De definitie is dus redelijk ruim en wel zodanig dat allerlei vormen, zoals ook in rijen geplaatste bomen en struiken, er onder kunnen vallen. Dat is voor de commerciële vatbaarheid belangrijk.

Groot experiment

Bij Voedselbos Schijndel – en ook Sint Michielsgestel – heeft men ervoor gekozen te planten in het terrein zoals men het aantrof: voormalig maisakkers en weiland. De aarde is er doordrenkt met drijfmest; fosfaten en stikstof. En vermoedelijk ook een behoorlijke dosis AMPA, het glyfosaat afbraakproduct, waarvan het effect nog onbekend is. Het grondwaterniveau is hoog. Deze factoren bepalen de toestand van dit voedselbos-in-wording.
Een voedselbos is feitelijk permacultuur. En vanuit die cultuur is dit verschijnsel dan ook aangejaagd.
Bij dit Voedselbos Schijndel draait het onzes inziens meer om het experiment om van intensief gebruikt boerenland een vruchtbare natuurlijke biotoop te maken, dan dat het gaat om een voedselbos an sich. De aarde moet verbeteren. En tja, hoe de aarde werkt, daar weten we nog vrijwel niets van.
Voordat alle voorwaarden van de definitie van een voedselbos zijn ingevuld, zijn we misschien wel twintig jaar verder.

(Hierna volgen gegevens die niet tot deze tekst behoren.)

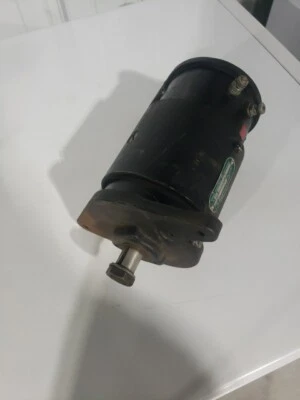 GJY 7401 Generator, Fits Teledyne, Wisconsin V4610 eng., New Holland, '69-'72. - Image 1 of 4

In de definitie van de stichting spreekt men van minimaal vier lagen. (Uitgaande van Voedselbos Ketelbroek worden dat vermoedelijk hoge bomen, lage bomen, struiken en wat klimmers.) Dat is een aanzienlijke vereenvoudiging van de oorspronkelijke zeven of zelfs negen lagen:

In het huidige baby-stadium van dit Voedselbos Schijndel missen wij overigens de kruinlaag [1], maar die komt waarschijnlijk nog. We hebben begrepen dat met het aanplanten van walnoten wordt gewacht tot de bodem op sommige plaatsen wat opgehoogd is.

Zoemende insecten, kwetterende vogels, ruisende bladeren. In de verte bromt een auto op de provinciale weg. Die is in Nederland nooit ver weg. Maar verder: stilte. Er is hier helemaal niemand. Wij zijn hier eigenlijk ook niet, want enigszins illegaal. Maar we wilden toch echt zelf gaan kijken na de commotie en framing van alle kanten.

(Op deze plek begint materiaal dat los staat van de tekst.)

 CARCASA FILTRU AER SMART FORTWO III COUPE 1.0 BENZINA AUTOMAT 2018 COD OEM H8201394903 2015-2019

Louise O. Fresco mist de koolhydraat houdende gewassen: aardappels (laag 6), rijst en dergelijke (laag 8)

Het wordt spannend of je met zo’n grootschalig voedselbos ook werkelijk een verschil kunt maken in de lokale voedselproductie. Louise O. Fresco heeft daar zo haar eigen beeld bij. Is de productie hoog genoeg en stabiel genoeg, en lukt het om alles te oogsten? Is de kwaliteit goed genoeg om een breder publiek aan te spreken? Staan voldoende mensen in de regio ervoor open om nieuwe dingen toe te voegen aan hun dieet? Kunnen de prijzen binnen het redelijke gehouden worden?

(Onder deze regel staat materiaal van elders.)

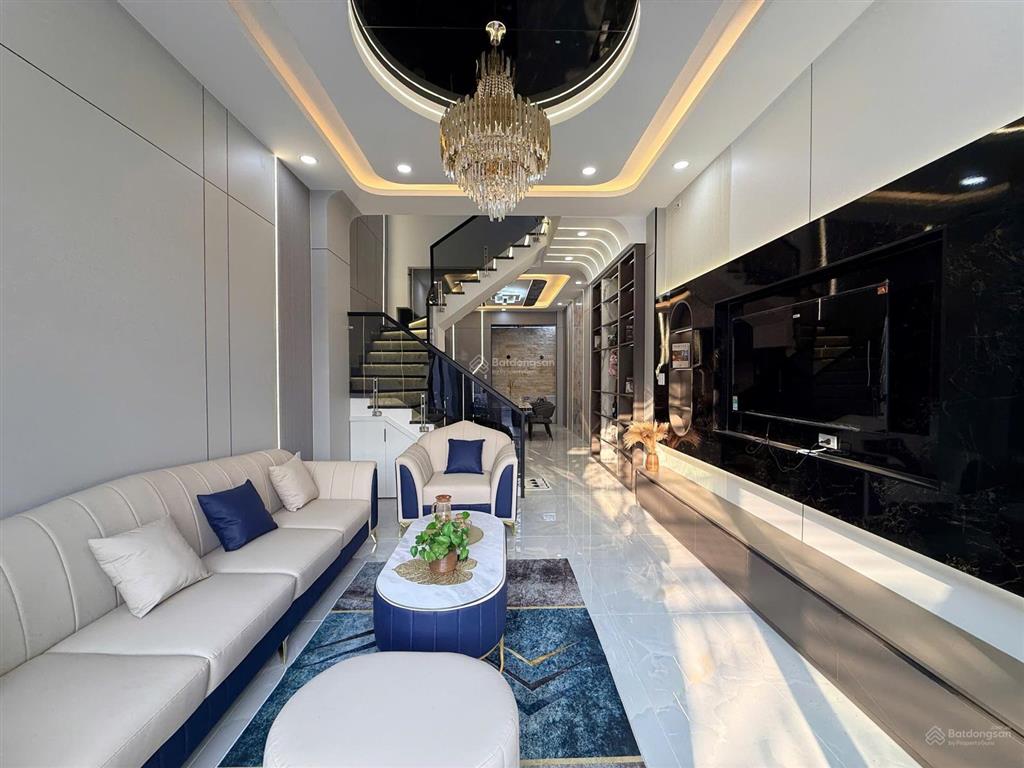 Bán nhà mặt tiền thạnh xuân q12, 70m2 4 tầng xây mới chỉ 6.x tỷ tl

Voedselboswachters refereren er vaak aan dat in de reguliere landbouw de netto opbrengst per hectare ergens tussen de 300 en 500 euro ligt – in de praktijk liggen de bruto inkomsten rond de vijf mille en hoger. Gemiddeld heeft een reguliere boer 40 ha, het gemiddelde inkomen ligt rond de 50.000 euro. Het aantal boeren met 100+ ha groeit overigens.
In de reguliere markt wordt de opbrengst bepaald door het aanbod op de markt.
Zo zal het straks ook met de voedselbossen gaan. Nu rekent men zich rijk aan de opbrengst van bijvoorbeeld walnoten, maar als uit elk voedselbos noten komen daalt de prijs onmiskenbaar. Dat geldt niet alleen voor walnoten, maar voor alle noten, vruchten en andere gewassen.

Kerstpakketachtige potjes

Er is een levensgroot risico dat de producten met name aan high-end horeca gaan worden geleverd. Of in kerstpakketachtige potjes terecht komen die mensen kopen, cadeau geven of krijgen en dan vervolgens, nadat het jaren op de kelderplank heeft gestaan, weggooien. Dan schiet het zijn doel voorbij.
Het voedselbos zou een goede opbrengst moeten kunnen leveren, ook op de lange termijn. Wouter van Eck legt het zelf nog een keer goed uit in deze presentatie die hij gaf op een recent online symposium.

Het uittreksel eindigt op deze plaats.